NIKKEI THROUGHOUT 2013
With investor confidence returned, the Prime Minister’s policies to turn the economy have worked so far however; the biggest test is still to come. In April, the Japanese government is due to raise their equivalent of VAT tax from 5% to 8%; the first major tax rise for nearly a generation.
The gamble is that this could dampen the consumer’s appetite for spending and as a result, hinder economic growth. This is why more stimulus is expected during 2014; to keep the wheels of the financial system greased and easy. Abe hopes that more stimulus alongside pressure upon corporates to raise wages will be enough to offset the burden of increased taxes; if he is right then the retail investor and the rest of the world will be able to look forward to another good year for Japanese equities.
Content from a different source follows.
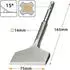 LuxusKollektion Fliesenmeißel SDS-Plus 2er-Set 165x75mm 15° (SDS-PLUS_P07)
Should Abe be wrong, then this time will prove no different to the last time a new Prime Minister entered government off the back of promises to end deflation and turn the economy.
HIDDEN VALUE? ONLY HALF OF 1,700 JAPANESE STOCKS ARE COVERED BY MORE THAN TWO ANALYSTS!
On a slightly different note; JP Morgan reported earlier in December that only half of the 1,700 companies listed in Japan are covered by more than two sell side analysts. This could be indicative of hidden value being present in Japanese markets.